The ensuing winter, spring and summer, he worked exceedingly hard and was "the near-perfect" quarterback when fall camp opened, said Palazzolo.

But on the first day of practice, when players weren't even in pads, Helfrich came down the line on an option drill and was poked in the eye. So severe was it there was concern the loss of sight in the eye would be permanent.

"I'd go home and he'd be sitting there with no lights on and the drapes and everything closed," said Bauer. "He was super sensitive to light."

He returned at the tail end of his junior season, wearing a dark shield on his face mask.

A year later, in the second game against Linfield — against whom he'd already broken off the long TD run — he suffered a lower leg injury that ended his season.

"I do know," said Palazzolo, "that if he had not gotten injured, the record book at Southern Oregon would be quite a bit different."

Helfrich still owns single-game records for passing touchdowns (six) and passing attempts (62) and ranks among the leaders in many categories. His passing yardage total of '93 was a record until Austin Dodge shattered it last fall.

When Dodge did so, Helfrich asked Sayre to pass along his congratulations.

Surpassing Helfrich's numbers would have been more of a chore had he played all of his final two seasons. During that time, former Ashland standout Chad Guthrie stepped in an put up stats that would rival or surpass Helfrich's career numbers.

For all he did on the football field, Helfrich is credited by Palazzolo and others with helping to save sports at SOU.

Budget cuts were a primary concern in the early '90s, and football and other sports often were deemed expendable by various entities.

Palazzolo often trumpeted his players of outstanding academic achievement and character, and no one epitomized that more than Helfrich, he said.

It was Palazzolo who encouraged his players and other school athletes to get involved in student government and have a say in the decision-making process regarding student funds.

"Jim knew we should be involved in the process, and we were not," said Henninger. "He encouraged us to get involved not only from a learning perspective but for what it meant to the college."

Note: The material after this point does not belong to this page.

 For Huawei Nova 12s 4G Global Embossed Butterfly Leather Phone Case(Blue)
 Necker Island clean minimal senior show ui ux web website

Helfrich was inducted into the SOU Sports Hall of Fame last fall. He couldn't attend because of obligations as the Ducks' offensive coordinator, but he provided a 3ÿ1D2-minute video for his acceptance speech.

In it, he said he was very proud to have run for office and for his part, along with others, in "quote, unquote, saving Southern Oregon athletics."

He thanked his former coaches and other school personnel and teammates and recalled great times in Ashland: the Fourth of July parade, trying to get dates for the Shakespearean Festival and the flood of 1997, when so many people grabbed shovels to fix things and, he said, "somehow that turns into a great experience."

Helfrich played a year of football in Vienna, Austria, upon graduation, then served as a graduate assistant at SOU in '97 under then-coach Jeff Olson. He was to return for another year, but Bellotti — remembering how impressed he was with Helfrich when he asked the high school senior to walk on — intervened and offered a grad assistant position that Helfrich jumped at.

So began a coaching sojourn that would take him from, then lead him straight back to, the Ducks.

A recurring theme, according to friends, is that Helfrich is supremely competitive, yet equally cool under fire.

"He doesn't get ruffled," said Doug DeGroote, Helfrich's center at SOU.

DeGroote is a financial planner in Westlake Village, Calif., and his brother, Tim, played on the Ducks' 1995 Rose Bowl team.

"(Helfrich) fits right into what Oregon has built over the last decade," said DeGroote, "with that win-the-day mentality."

It makes sense, then, said Sayre, that Helfrich will run a hole in the wind, that he'll do very well at Ory-gun.